Twelve years ago, I’d made an offhanded remark to a friend of mine that my next career would be that of a Life Coach. I had no time frame for when this would occur and no plan for the training I would need to undergo in order to achieve this goal. In the meantime, I completed a doctoral degree, got a promotion and began taking on a variety of leadership roles and tasks. I was promoted to being a Vice President and in so doing, I was given a massive mentorship platform with many people whom I could lead and influence. Again I took all those lessons learned and put them into place for the benefit of the organization; still thinking that some day in the distant future, I would become a coach.
So then one day while at at a vision and manifestation workshop, I like many of the participants contributed to the conversation. At the end of the day, I’m approached by a few women asking me if I was a life coach. That was a seminal lightbulb moment for me. I realized that the day I was waiting for in the future had come and gone. I’d apparently been life and business coaching for years. So that night I began researching, found a few courses and embarked upon the training to become certified.
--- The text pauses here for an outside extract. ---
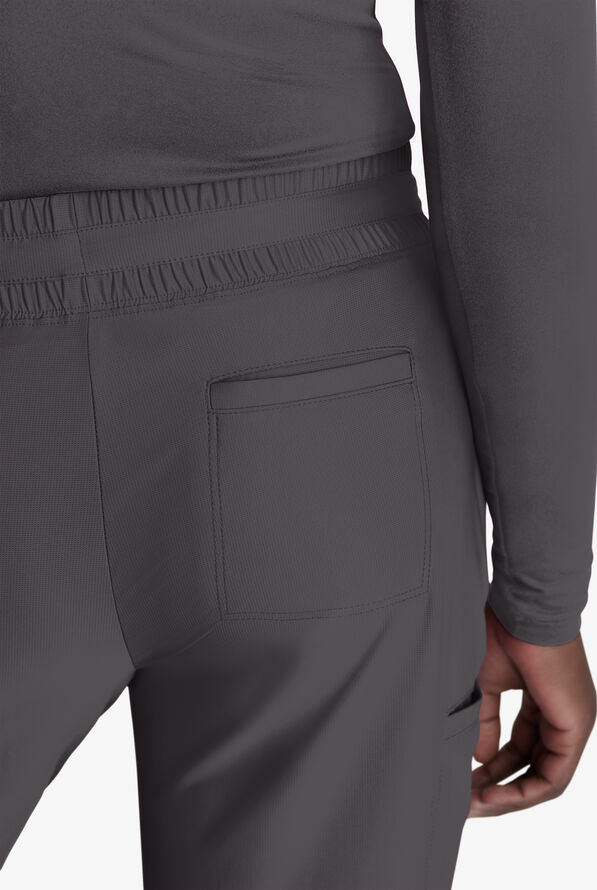 Skechers by Barco Slip-ins Reach Women's 4-Pocket STRETCH Slim Cargo Straight Leg Scrub Pants - Pewter - 3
While I understood that I had over 30 years of life experience, the certification would lend credibility to this. It was gratifying that as I went through the program, all the things I was studying were things I already knew. There were, of course, a few gems because there is always something new to learn. Again, I folded those gems into my repertoire.
I often see commercials for people to become life coaches, to learn the ins and outs of the trade in order to build a clientele and launch a 6 figure empire. And this worries me. Because I’d hate for anyone to take on such an important role simply to make money. Coaching is teaching. It is a long process of helping people to get to a place where they can help themselves. There seems to be an approach today that ANYONE can be a successful coach if you only have the right mix of ingredients. There are some personality traits that help and nothing beats experience. I am a much better coach today as I approach my half century mark, than I was as a newly minted 27 year old manager. Dr Sue today has had 23 years more experience. Those years have honed my intuition and skill rounded out with a solid education to create someone who has something of value to say that can help you and/or your business achieve a solid result. Now, don’t get me wrong – I’m all about earning money and being paid for helping someone live a better life or enhance their business performance. But choosing to be a coach should be because you FIRST want to help, SECOND have the expertise to help and then THIRD wish to be paid for the value you are adding.
It’s been an interesting 35 year journey to get to Dr Sue Speaks and I wouldn’t trade a minute of it.